Petro’s June 2022 victory shook Colombia, which has been ruled by conservative forces for most of its 200-year republican history. Petro’s path to office was atypical. At age 17, he joined an urban guerrilla force, the 19th of April Movement. This force demobilized in the late 1980s, and Petro helped convert it into the M-19 Democratic Alliance political party. After stints in Colombia’s Chamber of Representatives and Senate, Petro served as mayor of Bogotá. He came second in the 2018 presidential election, which Iván Duque, the far-right disciple of ex-president Álvaro Uribe, won. In 2022 Petro prevailed alongside his running mate, Francia Marquez, a human rights and environmental activist and the first Afro-Colombian vice president.

Since taking office on August 7, 2022, Petro has pursued an ambitious agenda, with mixed results. One reason for this is that Petro’s Historic Pact, a coalition of left and center-left parties, has never held a congressional majority. To form one, Petro brought centrist and right-wing parties into his first government. This allowed him to pass a progressive tax reform in November 2022, his most important legislative victory to date.
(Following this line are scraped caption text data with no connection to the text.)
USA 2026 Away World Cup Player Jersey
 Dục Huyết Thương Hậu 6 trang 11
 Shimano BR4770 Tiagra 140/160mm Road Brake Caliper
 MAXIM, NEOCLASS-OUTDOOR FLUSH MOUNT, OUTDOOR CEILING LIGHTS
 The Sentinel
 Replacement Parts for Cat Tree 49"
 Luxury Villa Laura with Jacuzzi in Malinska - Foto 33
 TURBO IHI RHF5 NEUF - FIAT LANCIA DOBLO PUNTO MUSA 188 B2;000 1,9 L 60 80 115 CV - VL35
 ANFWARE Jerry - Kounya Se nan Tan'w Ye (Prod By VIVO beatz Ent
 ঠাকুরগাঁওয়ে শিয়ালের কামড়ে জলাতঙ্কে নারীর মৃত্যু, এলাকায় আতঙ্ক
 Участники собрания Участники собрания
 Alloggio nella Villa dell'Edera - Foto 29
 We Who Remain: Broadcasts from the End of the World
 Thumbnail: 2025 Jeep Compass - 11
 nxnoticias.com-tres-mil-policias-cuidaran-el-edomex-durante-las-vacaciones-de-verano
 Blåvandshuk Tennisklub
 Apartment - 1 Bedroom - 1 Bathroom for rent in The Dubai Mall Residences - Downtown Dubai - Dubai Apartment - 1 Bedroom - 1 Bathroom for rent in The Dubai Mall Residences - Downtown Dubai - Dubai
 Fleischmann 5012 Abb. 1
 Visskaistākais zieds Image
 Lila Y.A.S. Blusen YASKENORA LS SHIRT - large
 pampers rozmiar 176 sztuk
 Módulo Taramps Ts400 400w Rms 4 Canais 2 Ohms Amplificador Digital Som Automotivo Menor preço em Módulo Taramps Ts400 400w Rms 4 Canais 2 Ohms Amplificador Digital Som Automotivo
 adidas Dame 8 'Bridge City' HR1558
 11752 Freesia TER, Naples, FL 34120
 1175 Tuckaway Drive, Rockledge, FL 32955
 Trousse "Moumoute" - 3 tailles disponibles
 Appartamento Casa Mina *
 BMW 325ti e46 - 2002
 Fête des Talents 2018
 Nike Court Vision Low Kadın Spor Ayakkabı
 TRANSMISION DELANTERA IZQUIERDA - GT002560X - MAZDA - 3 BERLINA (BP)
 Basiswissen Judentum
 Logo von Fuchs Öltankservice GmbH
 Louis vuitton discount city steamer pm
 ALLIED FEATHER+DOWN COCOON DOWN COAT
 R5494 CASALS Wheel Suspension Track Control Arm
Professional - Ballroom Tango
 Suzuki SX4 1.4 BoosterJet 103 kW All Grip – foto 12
The law increased taxes on Colombia’s top earners and established higher royalties on the extraordinary profits in the extractive industries. Colombia’s Finance Ministry estimated that the new law would increase government revenues by 1.3 percent of GDP in 2023 and 2024. Petro’s grand coalition fell apart in April 2023 amid the president’s push for multiple reforms simultaneously, including a divisive overhaul of the health sector.

Many criticized Petro for this strategy. A government official, who requested anonymity to speak openly, told me, “It was an error to schedule all the reforms at the same time in Congress, and the health reform was the hardest.” The crux of the issue was Petro’s push to increase the state’s role, and diminish that of the private sector, in financing and providing healthcare, with centrist parties strongly opposing this. Without a congressional majority, Petro has been forced to compromise significantly to pass any legislation. According to this official, “Now reforms are advancing but with many concessions. For instance, the labor and pension reforms. They both started out as good, progressive reforms, but to pass them there have been huge concessions, making them less good.”

César Bowley Castillo, a scholar of Colombian social movements who is from Bogotá and pursuing a sociology PhD at UCLA, feels Petro “did the right thing by breaking the coalition,” since it led to a more ideologically coherent government. But he agrees that Petro’s reforms have been watered down and “designed to be passed by this Congress. Doing these in-between things points to the contradictions of having a reformist government under capitalism.”